# Tall boots or waders for hog hunting



## Nomadic Itch (Jan 30, 2007)

Does anyone have any recommendations on a good pair of of tall (more than 17") boots or hip waders for walking around in the swamp?  I need something than the Alpha Burly boots yet still comfortable.  Muck boots makes a pair of hip waders that supposedly fold down into a 17" boot or can be unrolled and used as hip waders (that's how it was explained to me).  Does anyone know if these work/are comfortable?  Thanks for the help.


----------



## Nicodemus (Jan 30, 2007)

I use a pair of Wick Iron Legs. Barb wire is about the only thing that`ll tear em. I use em for all my swamp huntin`.


----------



## capt stan (Jan 30, 2007)

I have a pair of canvas hip waders. I really like them alot. I normally need a pair every two years or so, But I wear mine much more then most folks do.

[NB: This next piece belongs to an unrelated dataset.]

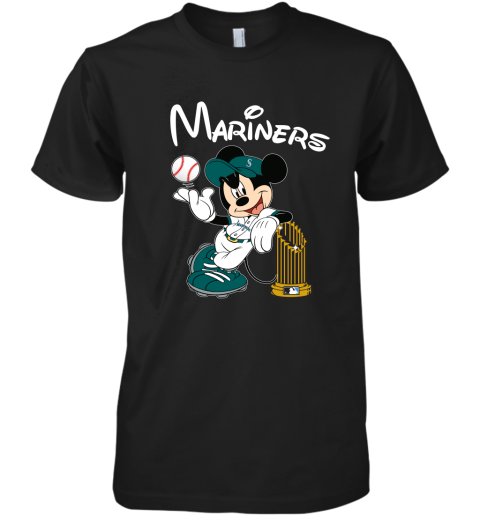 Seattle Mariners Mickey Taking The Trophy MLB 2019 Premium Men's T-Shirt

They work real well for me.


----------



## Nomadic Itch (Jan 30, 2007)

Nicodemus

Do the iron legs simply fit snuggly over your existing rubber boots?  The website recommends that you not stand in the water for more than 15 minutes.  Is that accurate or do they continue to keep you dry after prolonged periods in the water?  Thanks again


----------



## Nicodemus (Jan 30, 2007)

The boot is a permanent part of the wader. This type of wader is more for crossin` water more so than just stayin` in there for prolonged periods of time. I have stood in water with mine for up to 30 minutes and didn`t have wet feet. I`m not sure I would want to test them much longer than that though. For their purpose and durability though, they can`t be beat.


----------



## Blue Iron (Jan 30, 2007)

The Muck boots with the chaps are EXTREMELY Comfortable.....I have a pair, can't seem to find them after my last move though .  They are good boots and will keep you dry.


----------



## Nomadic Itch (Jan 30, 2007)

Thanks for all the help.  I would like to purchase the Iron Legs but they only go up to a size 13 and unfortunately I wear a 14.  I guess sizing will make my decision for me...the mucks come in size 14.


----------



## Kawaliga (Jan 31, 2007)

What is the web address for "Iron Legs"?


----------



## seaweaver (Feb 1, 2007)

I cannot imagine anthing higher than a knee boot being easy to walk/stalk for extended periods.I have added the rule that boots must be 16', to adaquate weapon, for the guys I take. 
Ive had them over heat, get tired from wadders, or wet when their ducky farm boots were not high enough.
Then there's the racket...zipp,zipp,zipp  of chaps rubbing at each step.
I've been using redhead bone drys  but will be moving to a wp snake boot for the extended support and speed when a chase is required. If I have to go deep..thats part of the hunt.
cw


----------



## powerwagon (Feb 1, 2007)

redhead 17 inch snake boots


----------



## SouthGaTrophyHunter (Feb 1, 2007)

chippewas


----------



## Benjie Boswell (Feb 1, 2007)

I wear Muck boots with lightweight chaps from Valley Supply. they are lightweight, briarproof and waterproof for hours. I use them duck hunting, hog hunting and coon hunting. I put a lot of miles on em too.  $100 from Valley creek supply


----------